→ **Web page caption snippets**:
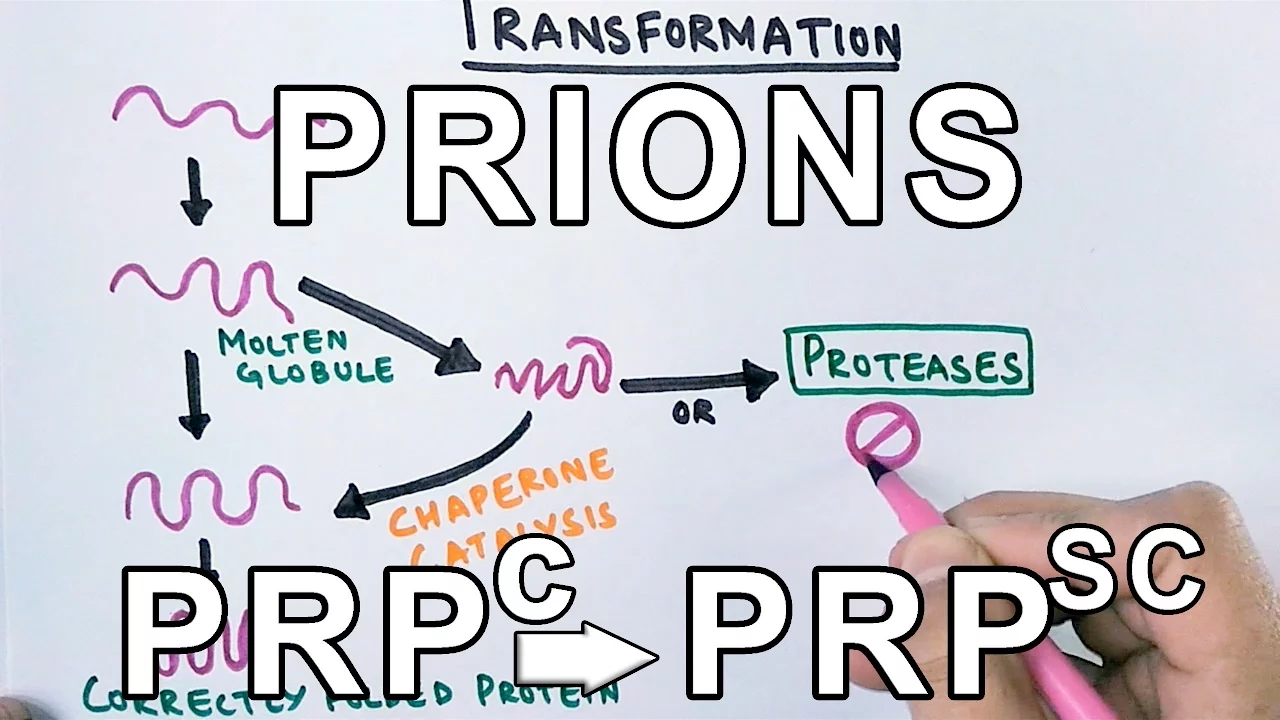 Prions-What are they ? Protein Misfolding Mechanism
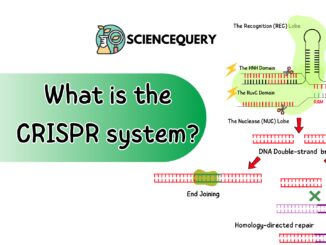 CRISPR Gene Editing
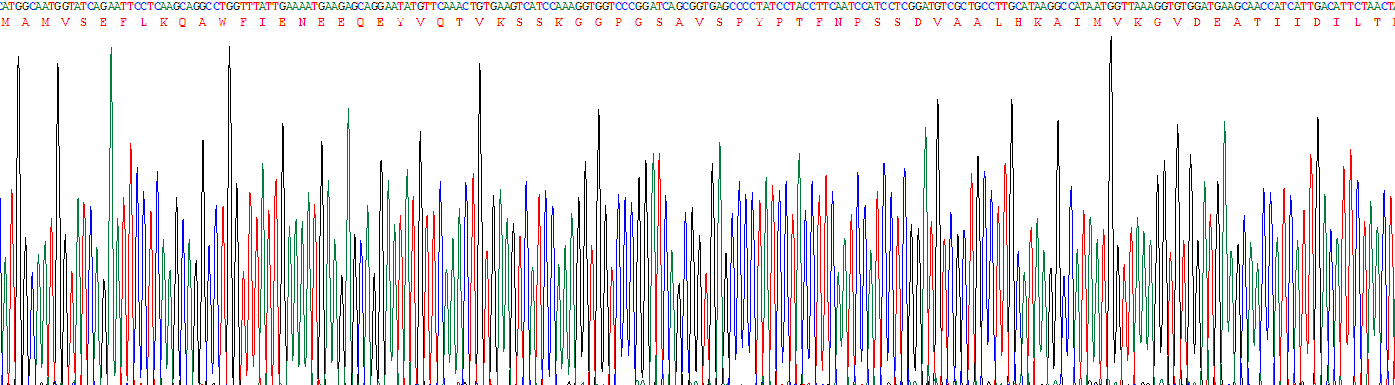 Figure . Gene Sequencing (Extract)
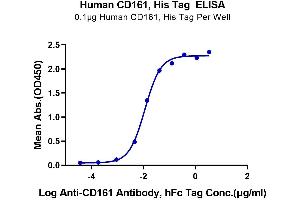 ELISA image for Killer Cell Lectin-Like Receptor Subfamily B, Member 1 (KLRB1) (AA 67-225) protein (His tag) (ABIN7274068)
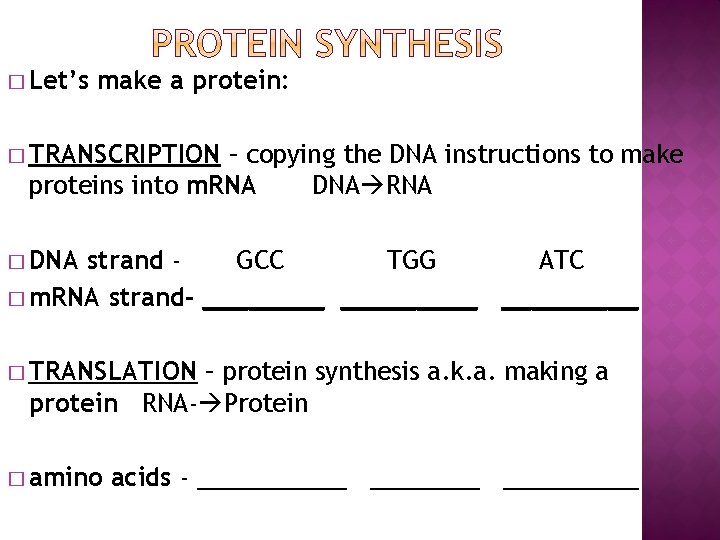 � Let’s make a protein: � TRANSCRIPTION – copying the DNA instructions to make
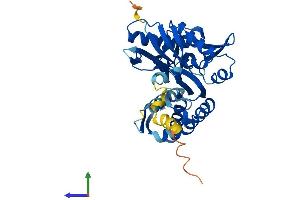 AlphaFold protein structure predicition of Human Recombinant HSPA7 Protein, UniprotID P48741 (HSPA7 Protein (AA 1-367) (His tag))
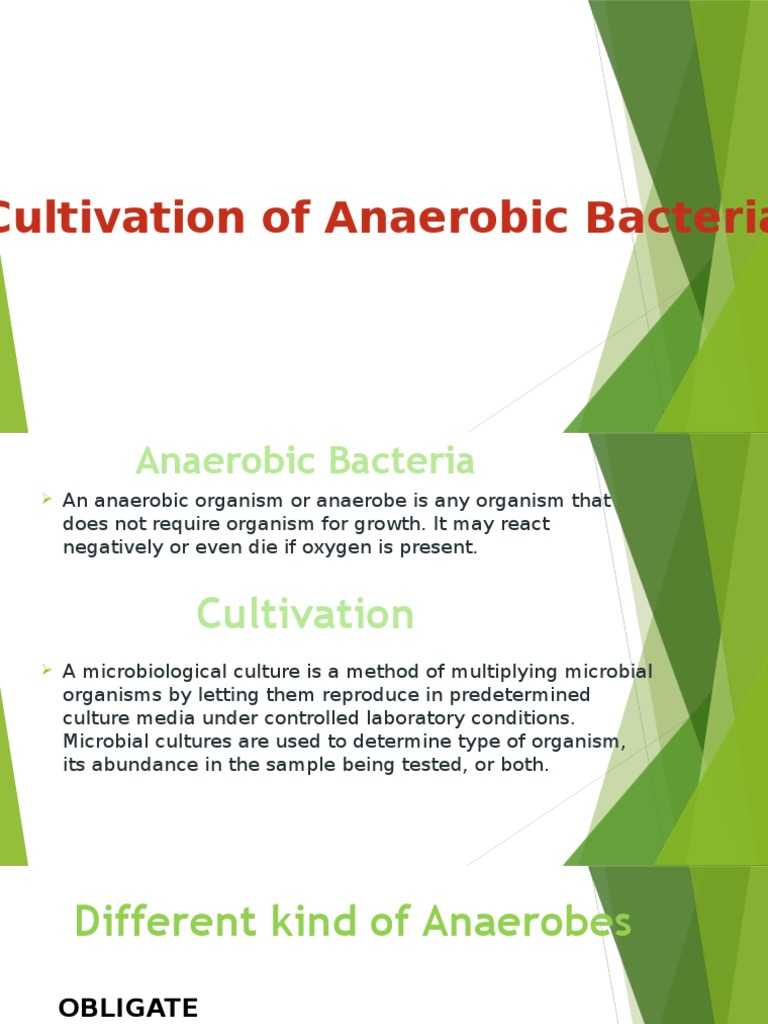 Cultivation of Anaerobic Bacteria Growth Medium Redox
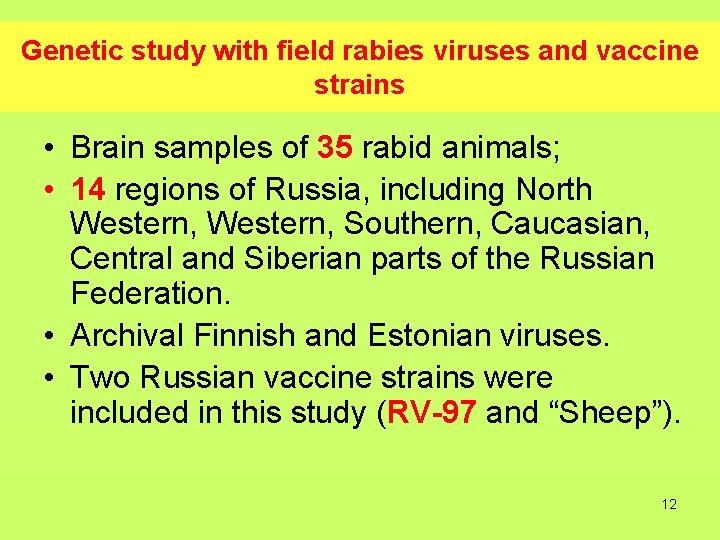 Genetic study with field rabies viruses and vaccine strains • Brain samples of 35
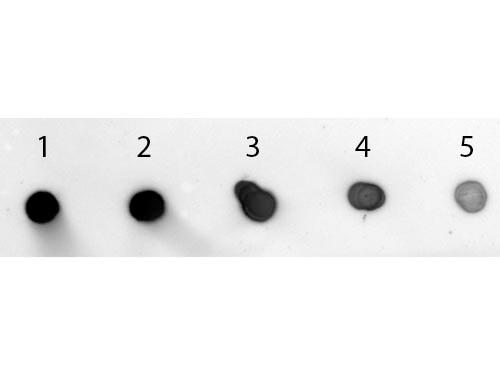 Rabbit IgG Antibody - Dot Blot of Goat anti-Rabbit IgG (Min X Human Serum Proteins) Antibody Alkaline Phosphatase Conjugated. Antigen: Rabbit IgG. Load: Lane 1 - 200 ng Lane 2 - 66.67 ng Lane 3 - 22.22 ng Lane 4 - 7.41 ng Lane 5 - 2.47 ng. Primary antibody: none. Secondary antibody: Goat anti-Rabbit IgG (Min X Human Serum Proteins) Antibody Alkaline Phosphatase Conjugated at 1:1,000 for 60 min at RT.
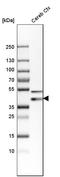 Synaptophysin antibody, HPA002858, Atlas Antibodies, Western Blot image 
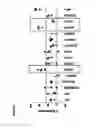Fig. 02 - COMPOSITIONS AND METHODS FOR INHIBITING VIRAL ACTIVITY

→ **What needs to be done**:
When you reach the line that has "instructions to make" in the data above, start repeating lines exactly, and stop after the line that has "Rabbit IgG Antibody"; pictures stay out.

→ **Solved exercise**:
 � Let’s make a protein: � TRANSCRIPTION – copying the DNA instructions to make
 AlphaFold protein structure predicition of Human Recombinant HSPA7 Protein, UniprotID P48741 (HSPA7 Protein (AA 1-367) (His tag))
 Cultivation of Anaerobic Bacteria Growth Medium Redox
 Genetic study with field rabies viruses and vaccine strains • Brain samples of 35
 Rabbit IgG Antibody - Dot Blot of Goat anti-Rabbit IgG (Min X Human Serum Proteins) Antibody Alkaline Phosphatase Conjugated. Antigen: Rabbit IgG. Load: Lane 1 - 200 ng Lane 2 - 66.67 ng Lane 3 - 22.22 ng Lane 4 - 7.41 ng Lane 5 - 2.47 ng. Primary antibody: none. Secondary antibody: Goat anti-Rabbit IgG (Min X Human Serum Proteins) Antibody Alkaline Phosphatase Conjugated at 1:1,000 for 60 min at RT.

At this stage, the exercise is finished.